[Material supplied]

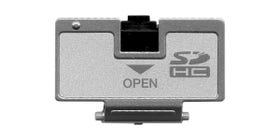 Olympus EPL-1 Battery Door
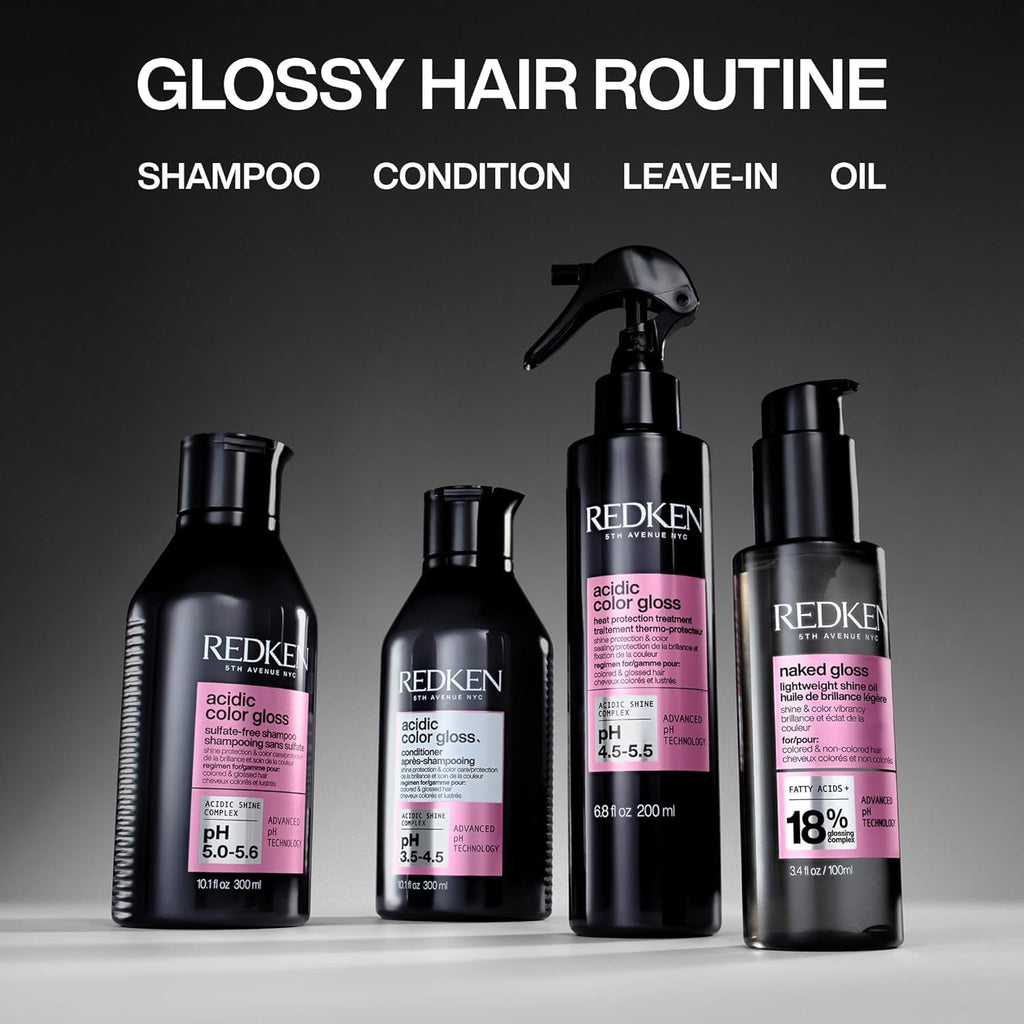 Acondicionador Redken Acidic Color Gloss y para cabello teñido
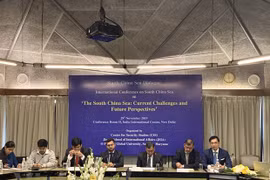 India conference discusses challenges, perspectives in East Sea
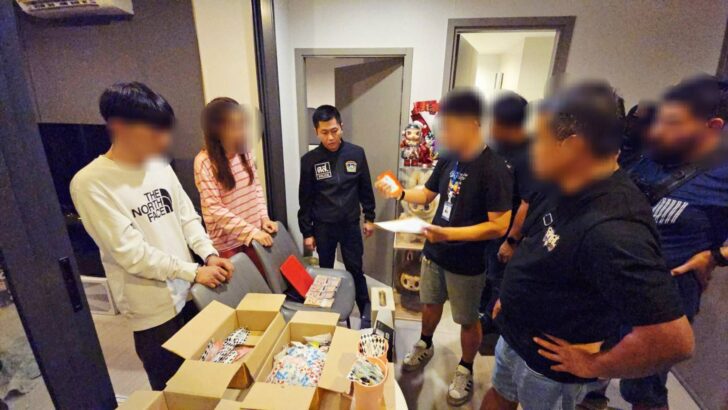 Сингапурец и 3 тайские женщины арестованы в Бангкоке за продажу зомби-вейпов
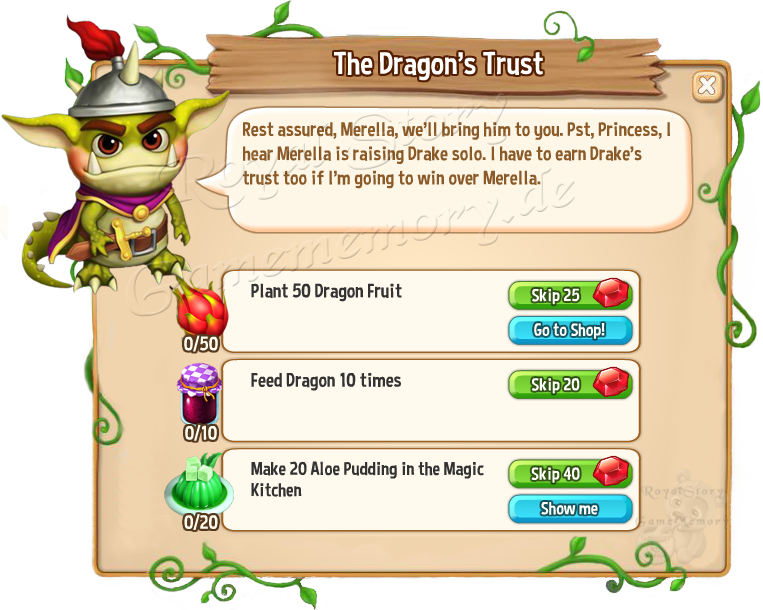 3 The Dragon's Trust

[/Material supplied]
[Material supplied]

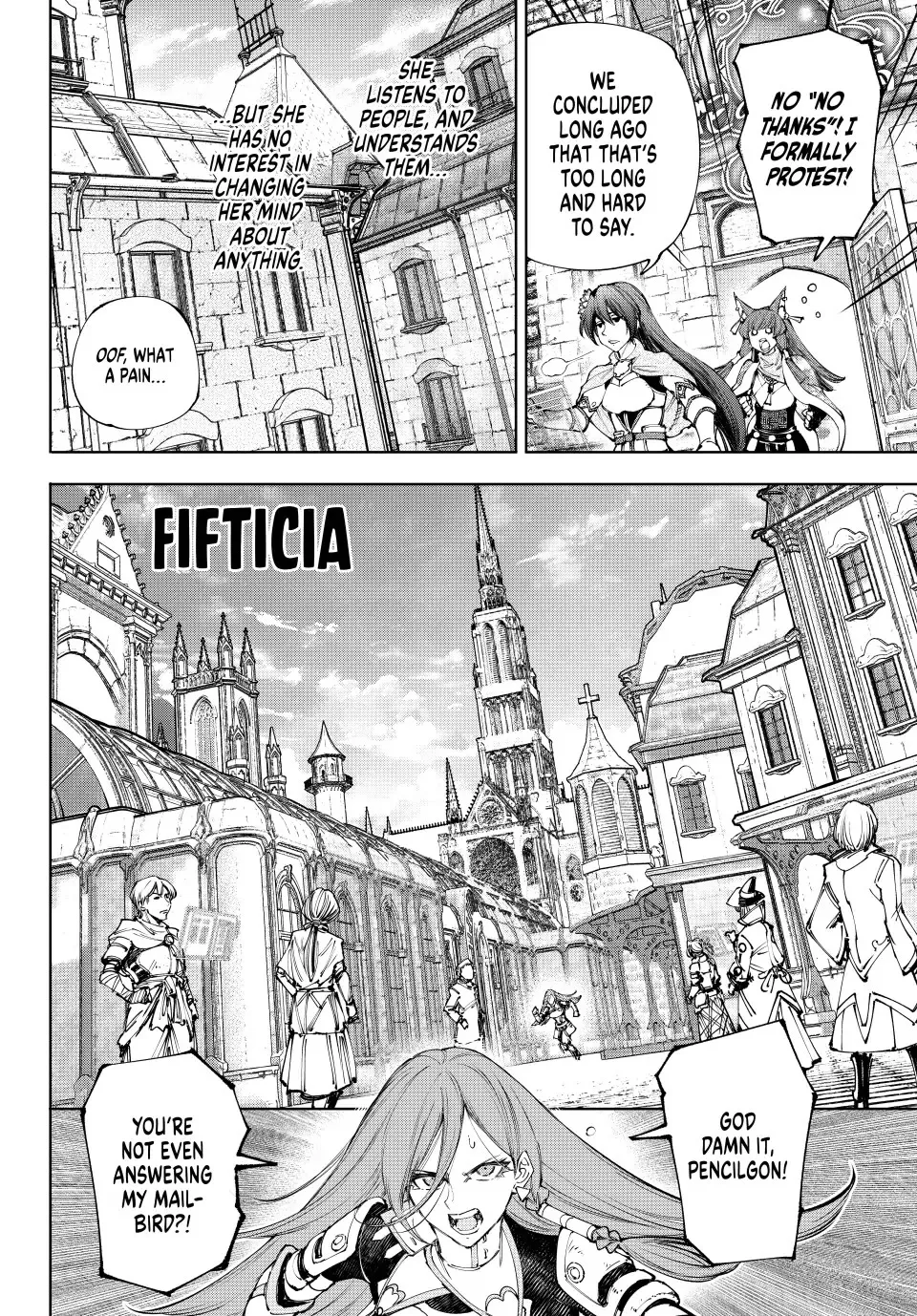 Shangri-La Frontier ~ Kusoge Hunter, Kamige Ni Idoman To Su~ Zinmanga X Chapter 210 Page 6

[/Material supplied]
[Material supplied]

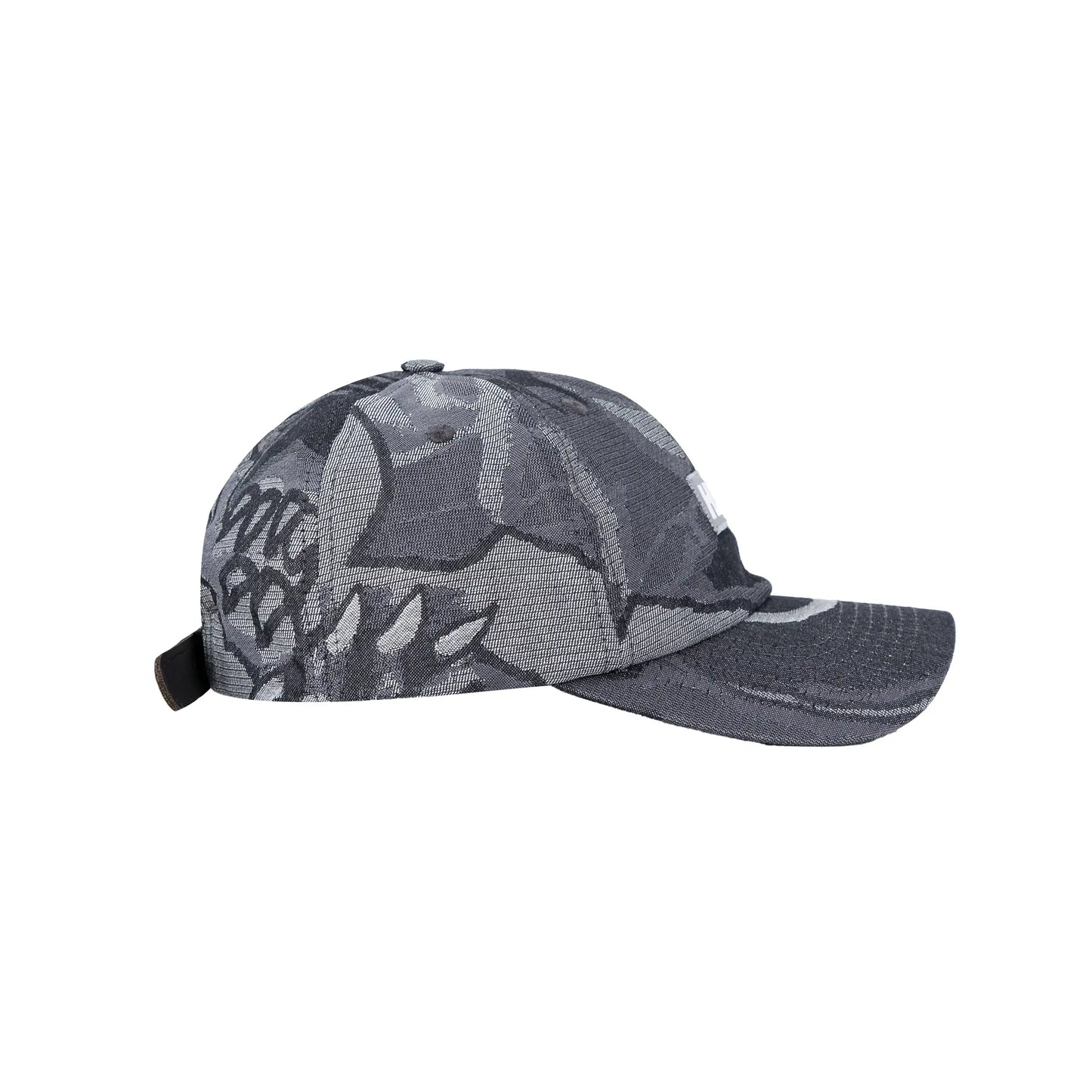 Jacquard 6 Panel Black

[/Material supplied]

- Instructions for the task -
Here the job is to copy the listing above word for word, starting at the line with "Сингапурец и 3" and ending at the line with "3 The Dragon's Trust", and to leave out the pictures.

- Reply -
 Сингапурец и 3 тайские женщины арестованы в Бангкоке за продажу зомби-вейпов
 3 The Dragon's Trust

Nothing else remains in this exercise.